The last part of the book is a sharp, scathing analysis of the notion of Jewish loyalty, a theme that has haunted Roth ever since his early days. The main character is kidnapped by secret agents and is given a lecture on lashon hara, the evil tongue, and how it for a Jew is forbidden to speak ill of other Jews according to certain rabbis.

Reading this book actualized some dormant thoughts for me, as did another book it reminds me of – namely The Mandelbaum Gate by British writer Muriel Spark. Spark’s book is also a multifarious book about Israel, but as it was written in 1965 by a woman from Wales, it has many dissimilarities with Roth’s book (a review of The Mandelbaum Gate can be found here).

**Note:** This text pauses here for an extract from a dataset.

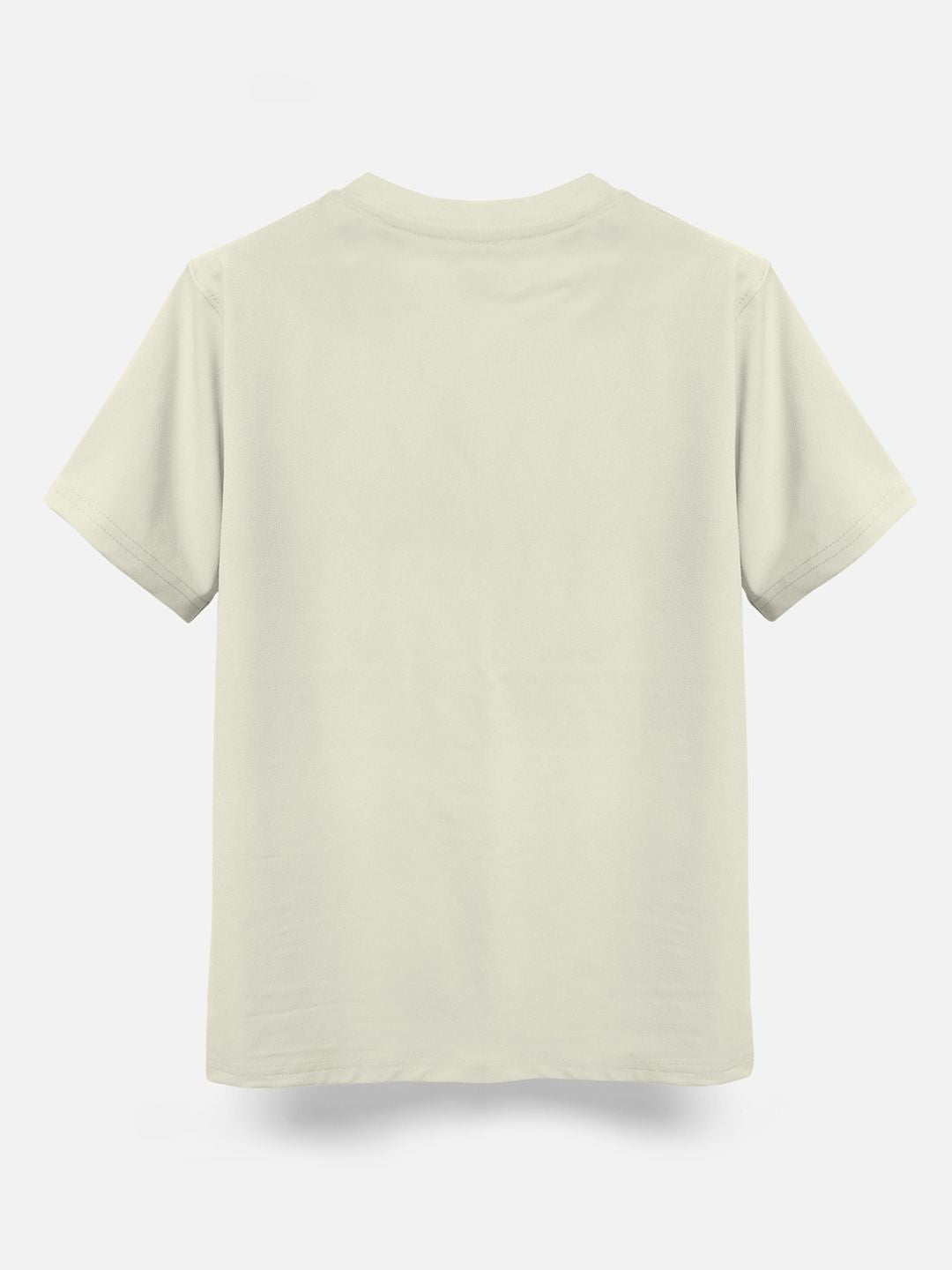 HELLCAT Boys Pack Of 5 Graphic Printed Cotton T-shirt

One might also mention Saul Bellow‘s 1976 To Jerusalem and Back, for yet another take on Israel from an English-speaking writer.

This book was written during a time when there was a modicum of hope for the peace process in Israel, with the negotiations at Camp David and the coming of the Oslo accords. But only about a year or so later, all hope was lost when Yitzhak Rabin was assassinated by Yigal Amir and things took a turn for unknown territory.